Can you please provide more information? Do you mean this situation:

:) select * from values(1) union select * from values(2);
-- Received exception from server (version 24.3.3):
-- Code: 558. DB::Exception: Received from localhost:9000. DB::Exception: Expected ALL or DISTINCT in SelectWithUnion query, because setting (union_default_mode) is empty: While processing SELECT * FROM values(1) UNION SELECT * FROM values(2). (EXPECTED_ALL_OR_DISTINCT)

In that case, instead of adding union_distinct, shouldn't we change the SQL generated for union to be UNION DISTINCT instead of just UNION so that Ecto's unions work out of the box?

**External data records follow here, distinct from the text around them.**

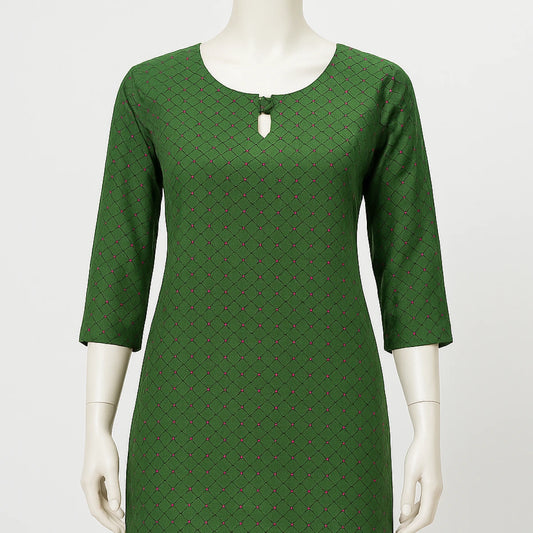 Green patterned dress on a mannequin against a white background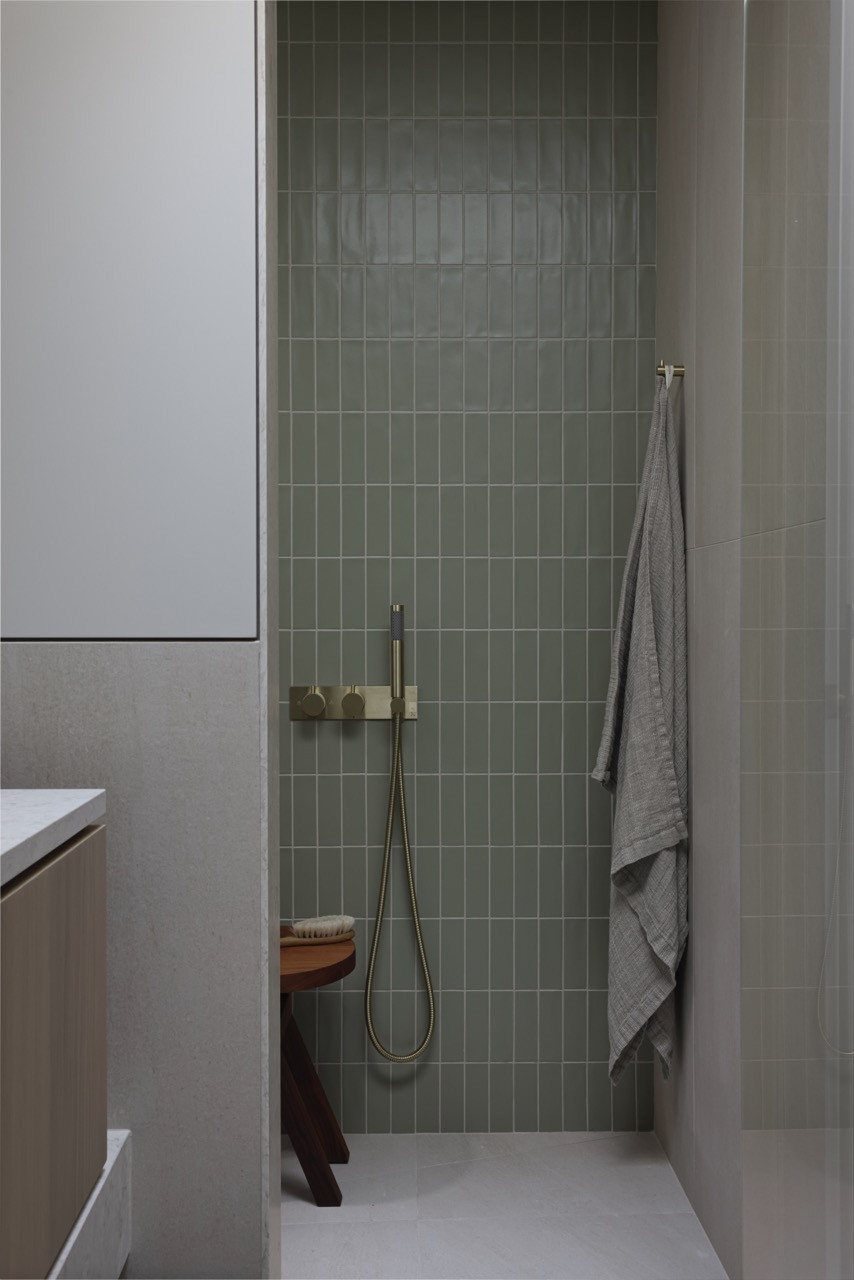 The shower features vertical lighting that creates ambient illumination for a relaxing spa-like experience, part of the thoughtful lighting strategy throughout the home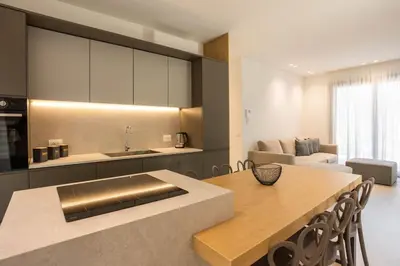 a kitchen with a table and a living room at Luxury Villa Artemis Mondello in Palermo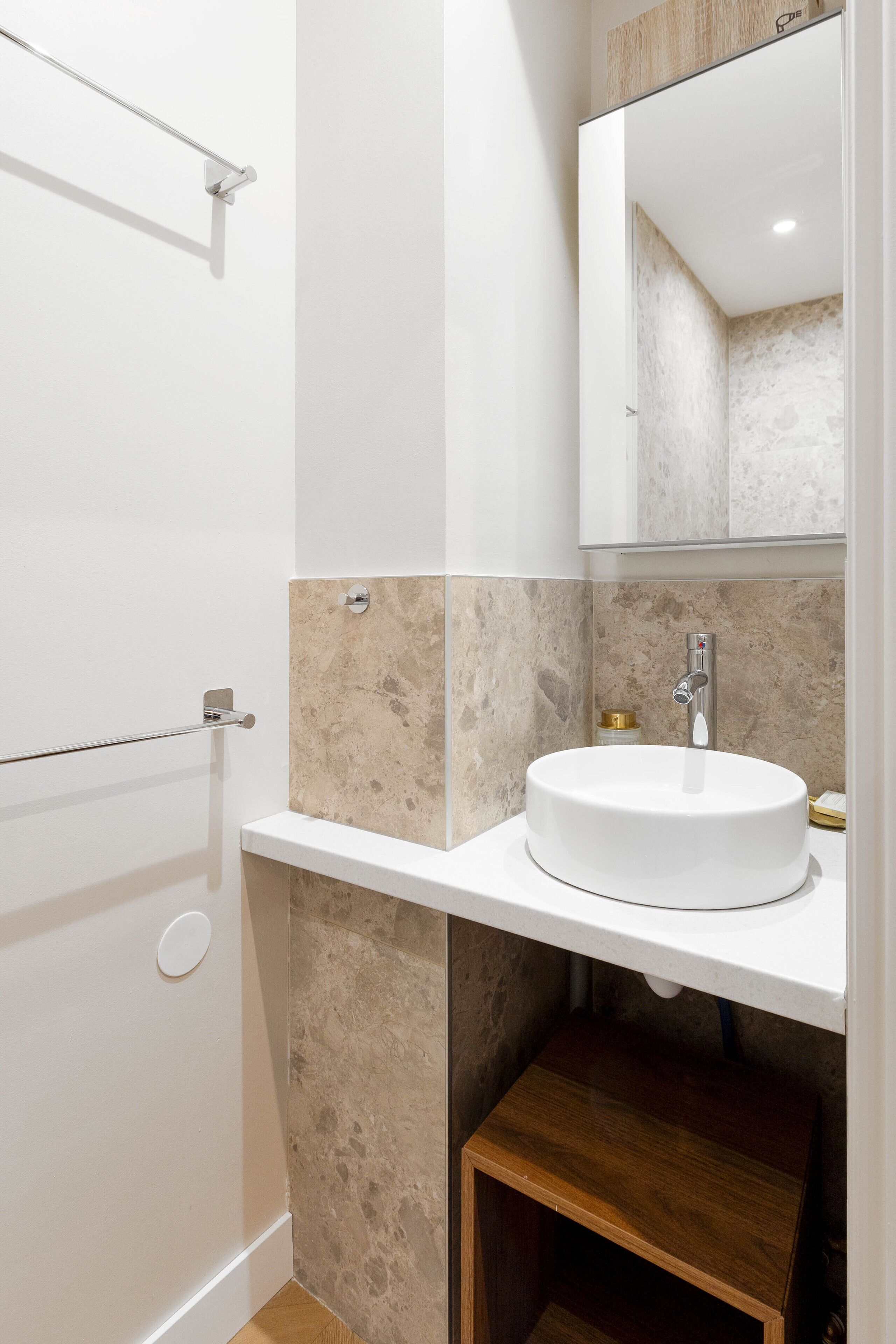 A modern bathroom with a white sink, a mirror, and a shower area.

jojoca-appcues commented 1 month ago

Exactly that error! I agree changing UNION with UNION DISTINCT would do the trick

ruslandoga commented 1 month ago

Also we can do this (already):

Repo.query("select * from values(1) union select * from values(1)", [], settings: [union_default_mode: "DISTINCT"])

# or in Ecto's DSL
Repo.all(
  from(
    fragment("system.one"),
    select: 1
  )
  |> union(
    ^from(
      fragment("system.one"),
      select: 1
    )
  ),
  settings: [union_default_mode: "DISTINCT"]
)
jojoca-appcues commented 1 month ago

Ah this is cool! I'll try it here 😃

andyleclair commented 1 month ago

I support changing union to return UNION DISTINCT. The default behavior of erroring if you don't pass the union_default_mode is a little annoying. I'm happy to make that change if you want, then we can drop the Builder call

ruslandoga commented 1 month ago

@andyleclair thank you! Yes, let's do this!

ruslandoga commented 1 month ago

I'll publish a new version later today.

ruslandoga commented 1 month ago

Published as v0.4.0.

Thank you @andyleclair @jojoca-appcues!